Now, let’s make datasets from our normalized subsets.
train_data = IRISDataset(train_subset_normalized, train_target)
val_data = IRISDataset(val_subset_normalized, val_target)
test_data = IRISDataset(test_subset_normalized, test_target)
Now, it’s time to train and evaluate our model to see what happens. I have applied all the changes in train_v4.py.

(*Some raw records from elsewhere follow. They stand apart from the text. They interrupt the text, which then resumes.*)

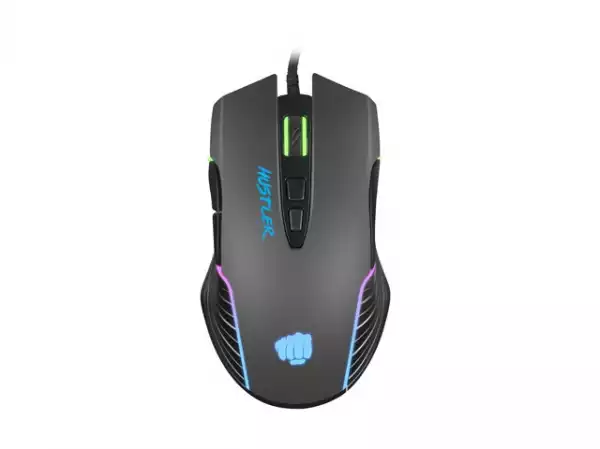 Fury Gaming Mouse Hustler 6400DPI Optical With Software RGB Backlight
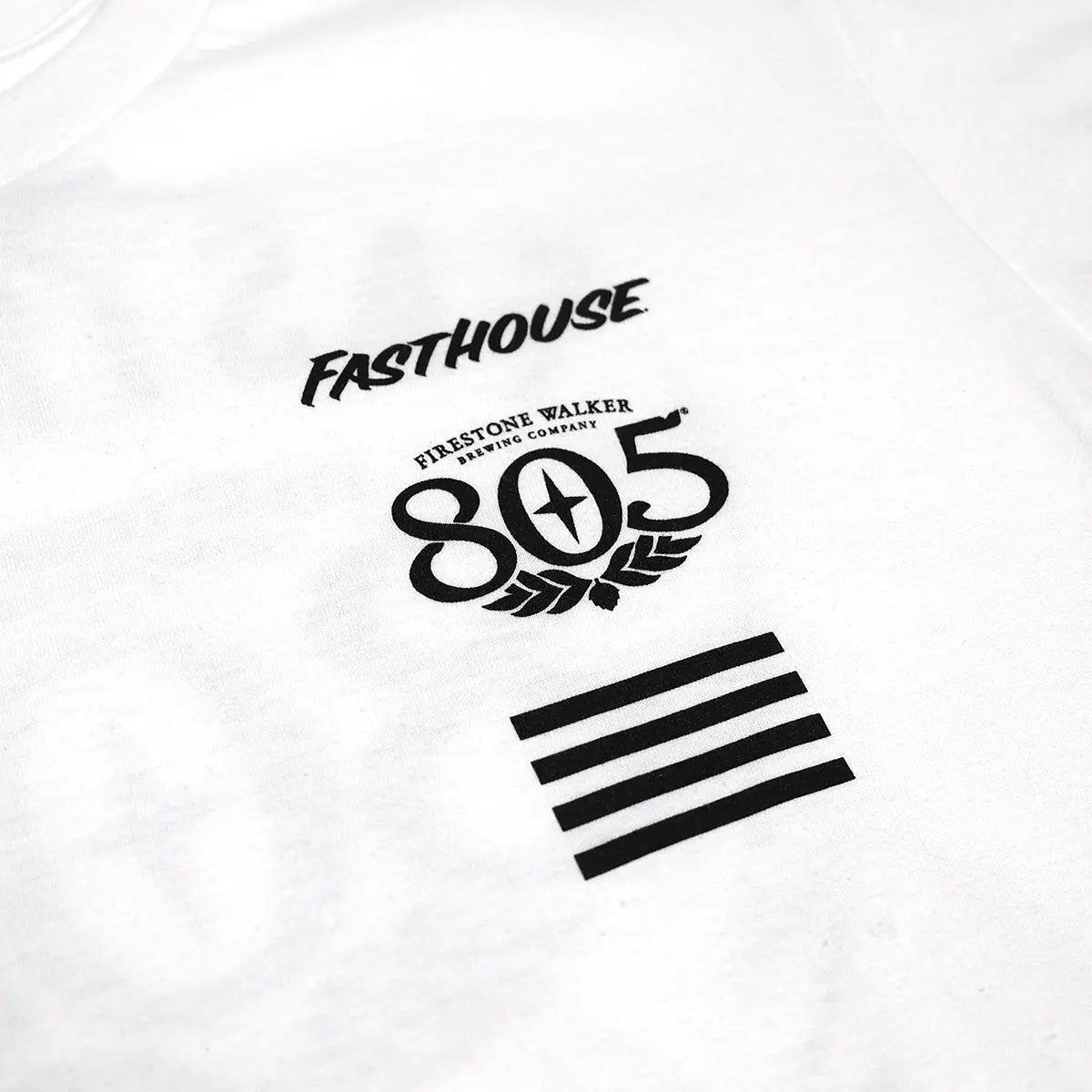 805 Crew Time Midweight Tee - White - Fasthouse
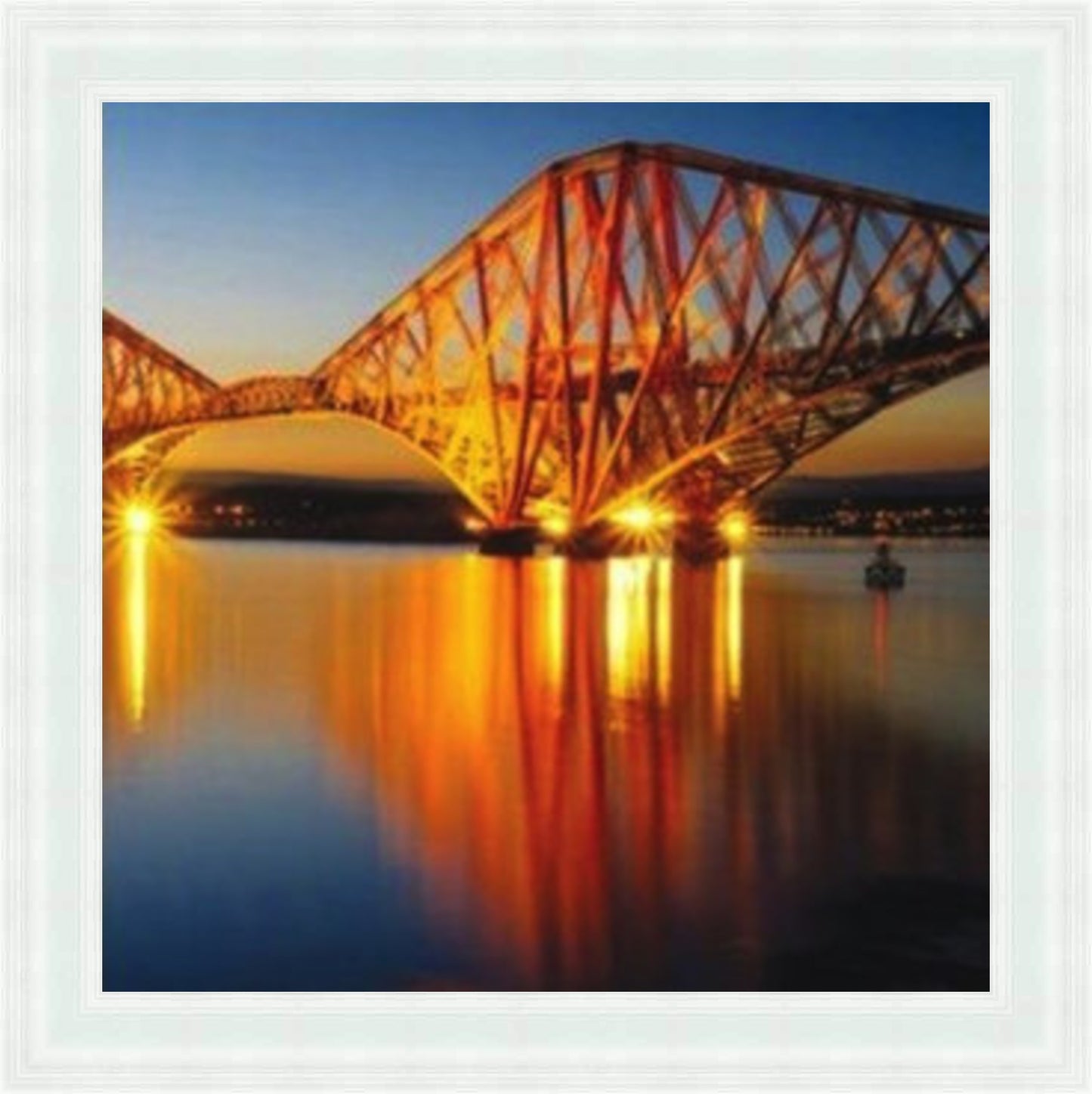 Forth Rail Bridge - Colour Burst Liquid Art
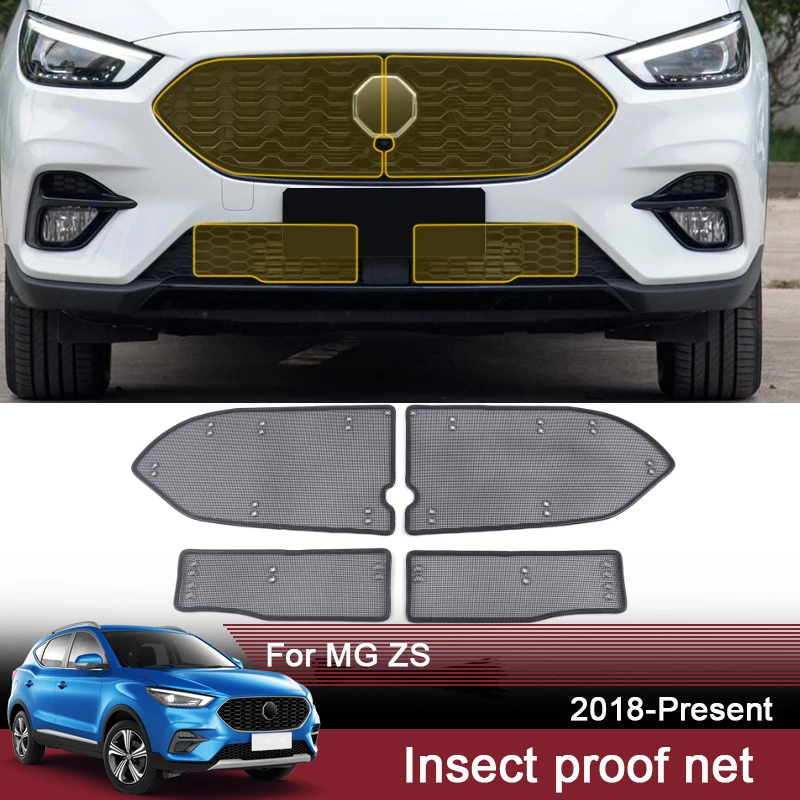 Auto Insektbeweis-netzes Für MG ZS 2018-2025 Wasser Tank Abdeckung Racing  Gitter Schutz Net Kondensator Schützen Externe Auto Zubehör - AliExpress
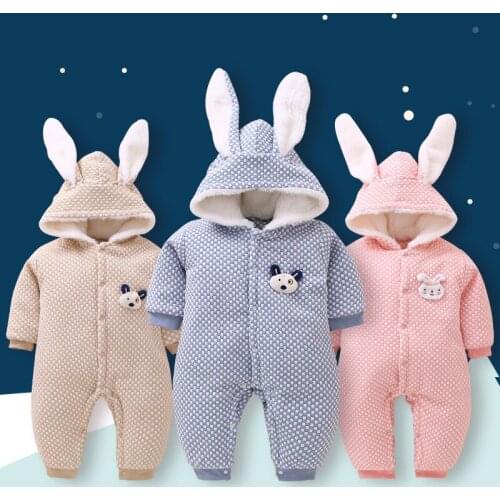 Baby Girls Boys Romper Rabbit Style Jumpsuit Outfit Hoody Coat Cosplay Clothes Infant Rompers Toddler Newborn Clothing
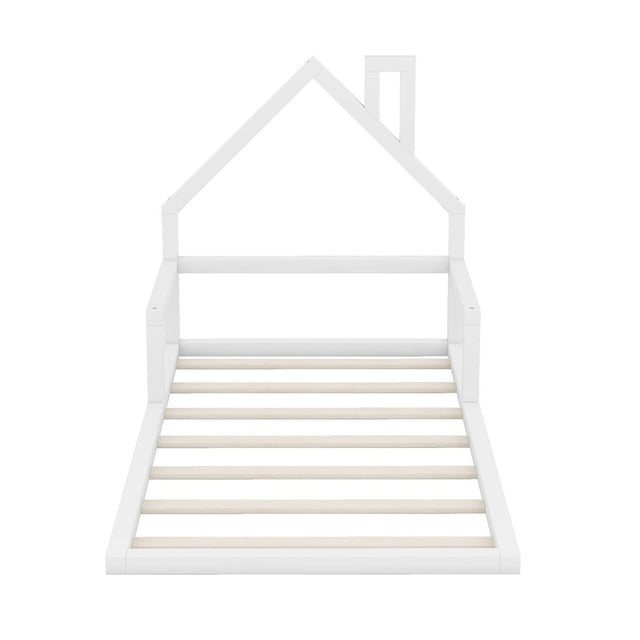 Floor Bed With House Shaped Headboard - Platform Beds available at Alpine Outlets in Denver
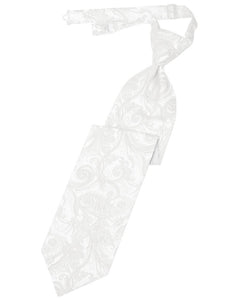 Cardi Pre-Tied White Tapestry Necktie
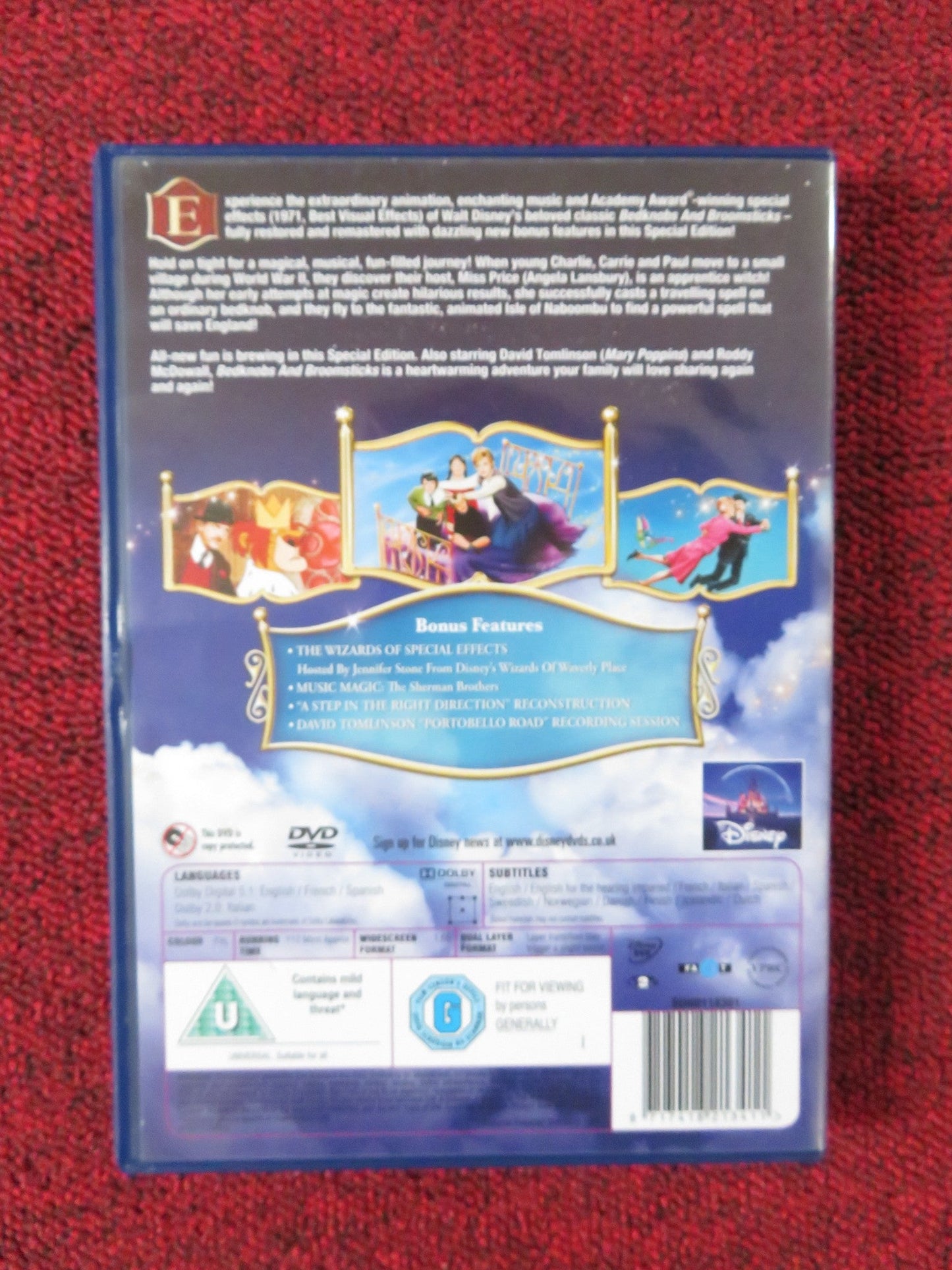 BEDKNOBS AND BROOMSTICKS (DVD) DISNEY ANGELA LANSBURY 1971 REGION 2 Rendezvous Cinema Movie posters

Let’s run train_v4.py.
"""
--------
output:
mps
--------------------
epoch: 0
train:
loss: 1.1541
accuracy: 0.1238
validation:
loss: 1.0946
accuracy: 0.2667
--------------------
epoch: 1
train:
loss: 1.0744
accuracy: 0.3810
validation:
loss: 1.0350
accuracy: 0.6667
--------------------
epoch: 2
train:
loss: 1.0080
accuracy: 0.6571
validation:
loss: 0.9773
accuracy: 0.7000
--------------------
epoch: 3
train:
loss: 0.9450
accuracy: 0.7810
validation:
loss: 0.9198
accuracy: 0.7000
--------------------
epoch: 4
train:
loss: 0.8759
accuracy: 0.8000
validation:
loss: 0.8617
accuracy: 0.7333
--------------------
test:
loss: 0.8406
accuracy: 0.8000
"""
As you can see, right now our evaluation results are not random anymore.
Conclusion
In this tutorial, we have discussed 2 techniques that are being used to enhance our training.
First, we explained how to split our data in a way that labels are equally distributed.
Then, we introduced StandardScaler, which is one of the most important preprocessing techniques.
Although they are not specifically PyTorch modules, they are being used in PyTorch projects.